Your assignment :: Write out exactly the lines below starting at the one containing "Bed Frame without" and ending at the one containing "Chic A-Line One". Omit every picture.

Supplied material ::
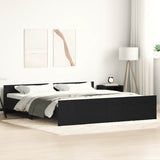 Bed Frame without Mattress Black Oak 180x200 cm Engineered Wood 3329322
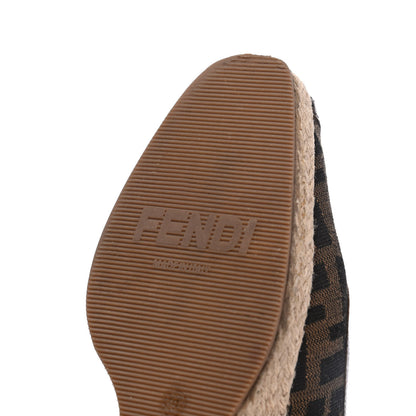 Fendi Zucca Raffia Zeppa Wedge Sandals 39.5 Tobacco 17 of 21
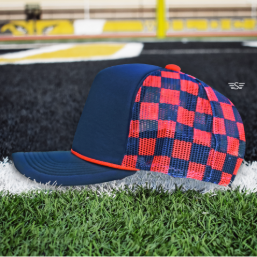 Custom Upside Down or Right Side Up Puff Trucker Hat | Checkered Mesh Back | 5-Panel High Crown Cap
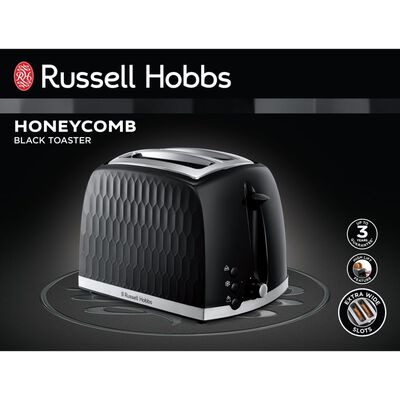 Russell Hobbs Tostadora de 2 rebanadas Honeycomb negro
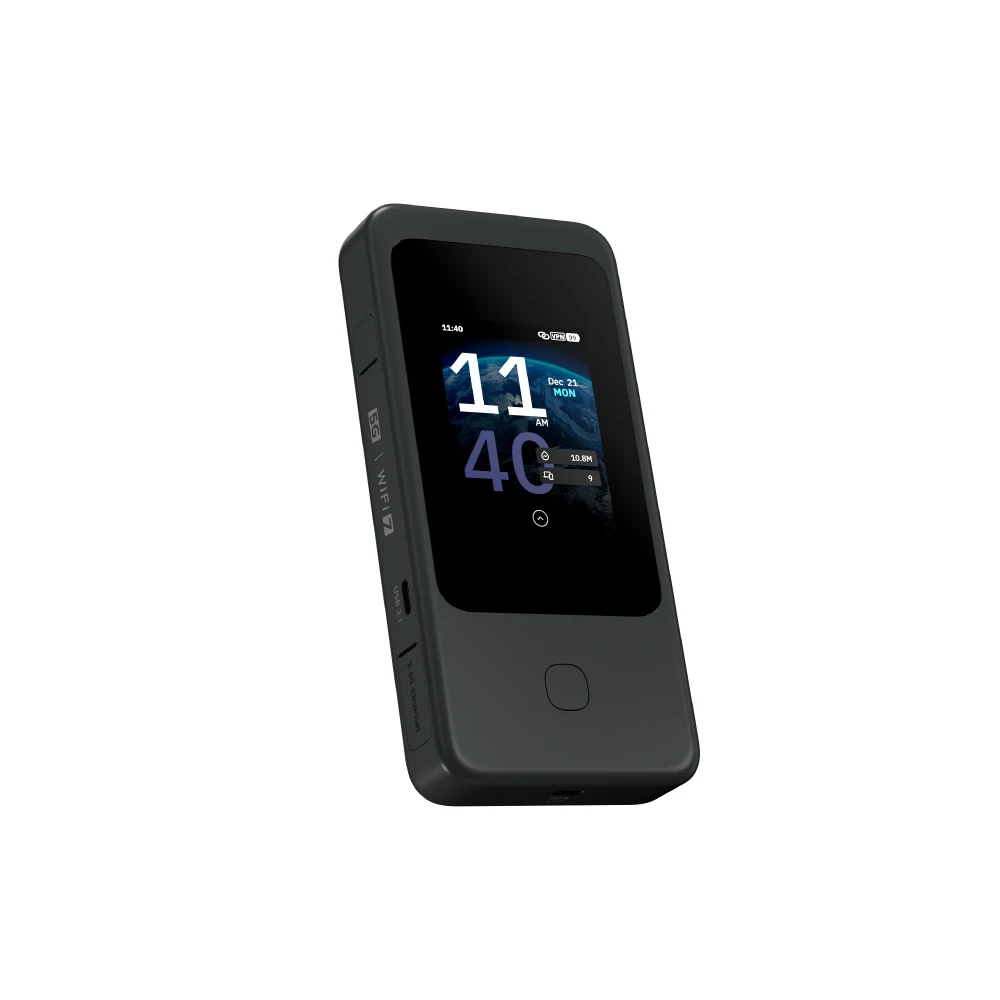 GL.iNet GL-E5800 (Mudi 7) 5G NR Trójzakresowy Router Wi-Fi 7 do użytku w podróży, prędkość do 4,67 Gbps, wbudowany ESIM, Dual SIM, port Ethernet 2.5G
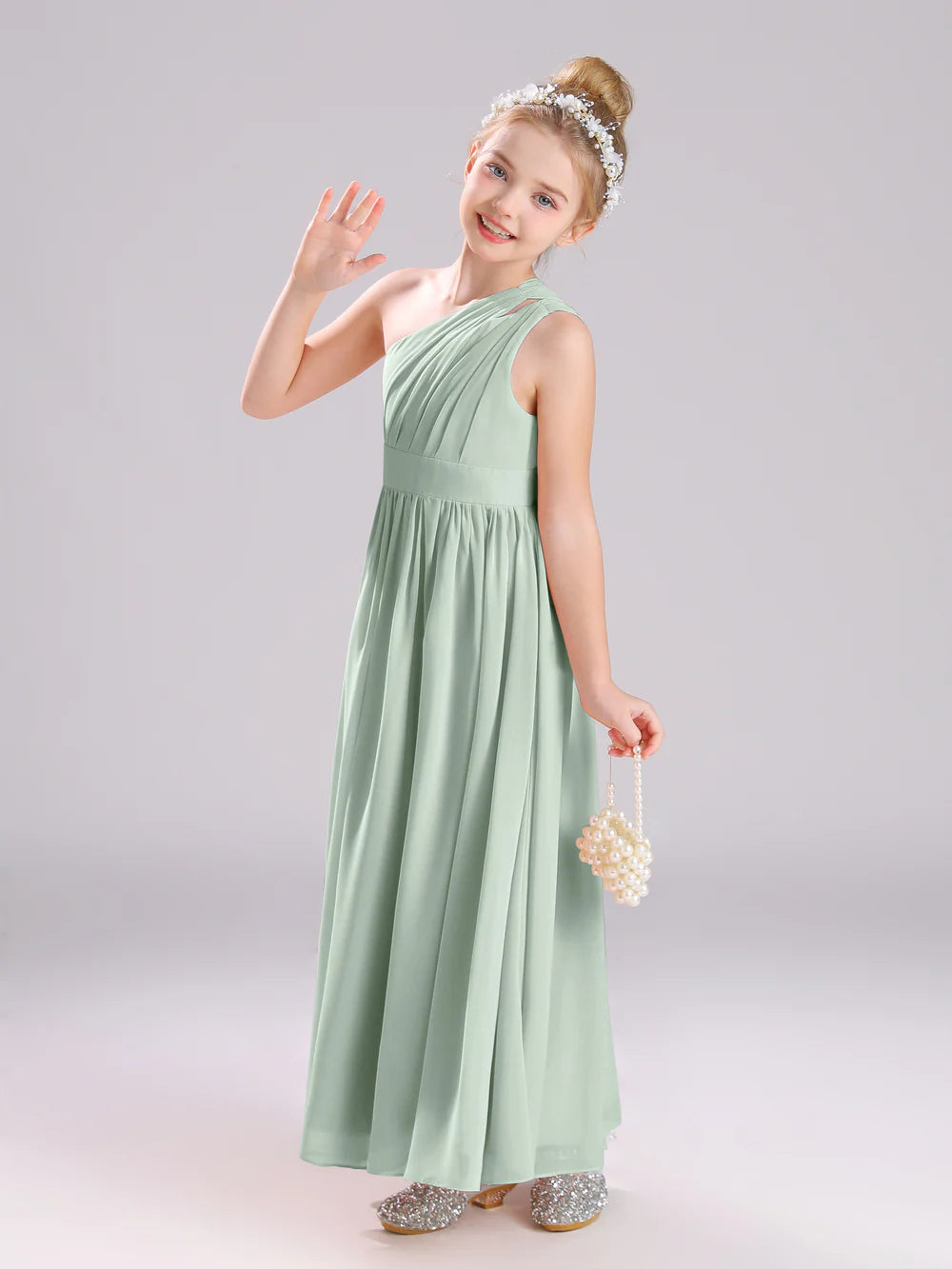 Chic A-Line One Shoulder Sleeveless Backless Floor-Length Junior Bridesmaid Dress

...

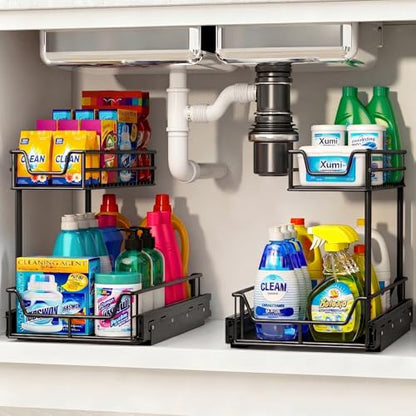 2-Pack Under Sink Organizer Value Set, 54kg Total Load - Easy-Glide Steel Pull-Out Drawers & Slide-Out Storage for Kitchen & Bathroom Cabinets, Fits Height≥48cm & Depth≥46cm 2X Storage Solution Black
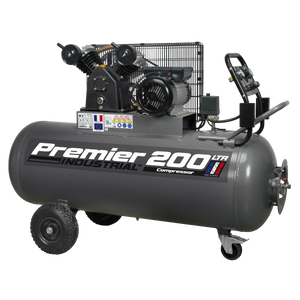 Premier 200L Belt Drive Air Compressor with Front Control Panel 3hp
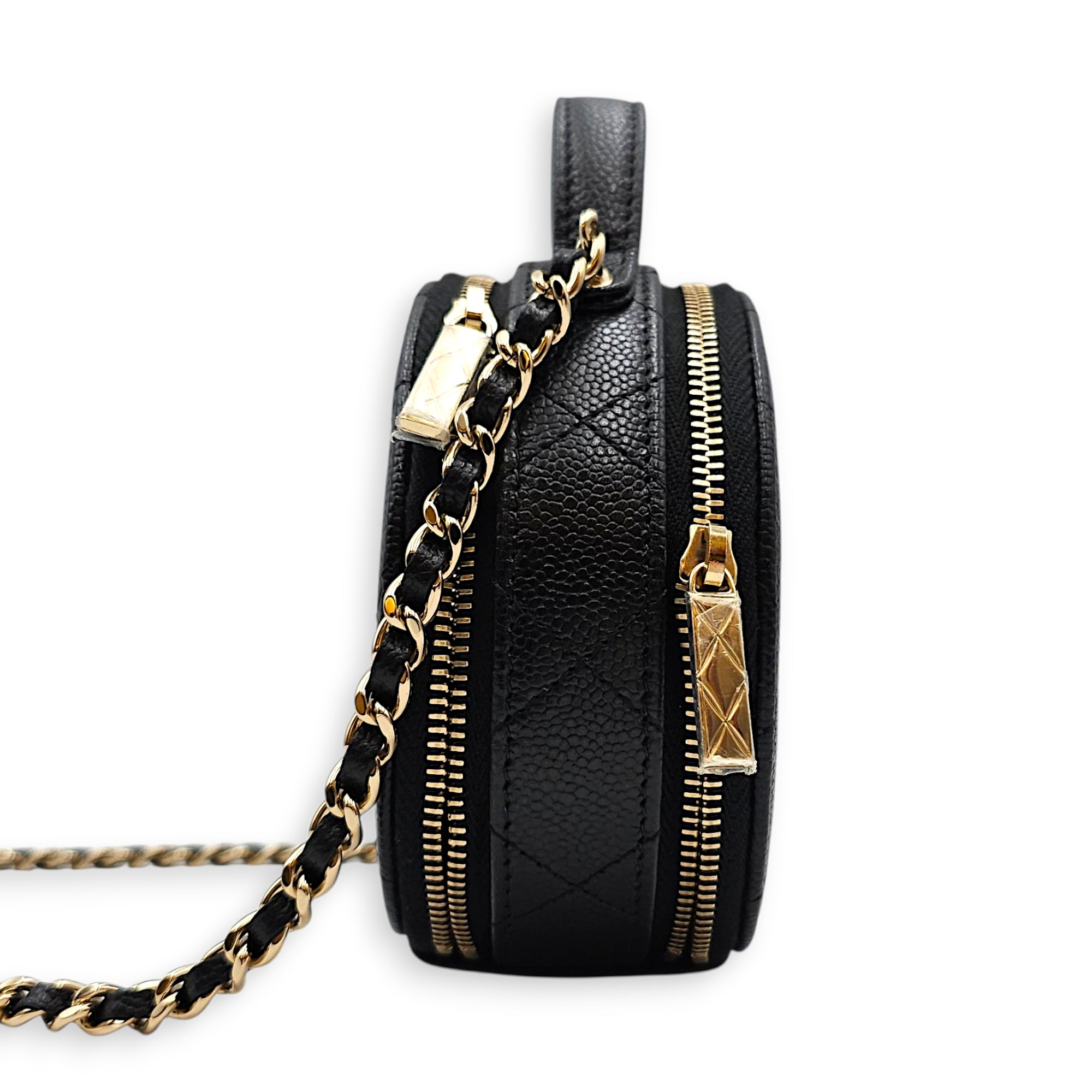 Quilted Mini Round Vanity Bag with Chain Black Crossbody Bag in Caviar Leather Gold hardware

Exercise output ::
 Bed Frame without Mattress Black Oak 180x200 cm Engineered Wood 3329322
 Fendi Zucca Raffia Zeppa Wedge Sandals 39.5 Tobacco 17 of 21
 Custom Upside Down or Right Side Up Puff Trucker Hat | Checkered Mesh Back | 5-Panel High Crown Cap
 Russell Hobbs Tostadora de 2 rebanadas Honeycomb negro
 GL.iNet GL-E5800 (Mudi 7) 5G NR Trójzakresowy Router Wi-Fi 7 do użytku w podróży, prędkość do 4,67 Gbps, wbudowany ESIM, Dual SIM, port Ethernet 2.5G
 Chic A-Line One Shoulder Sleeveless Backless Floor-Length Junior Bridesmaid Dress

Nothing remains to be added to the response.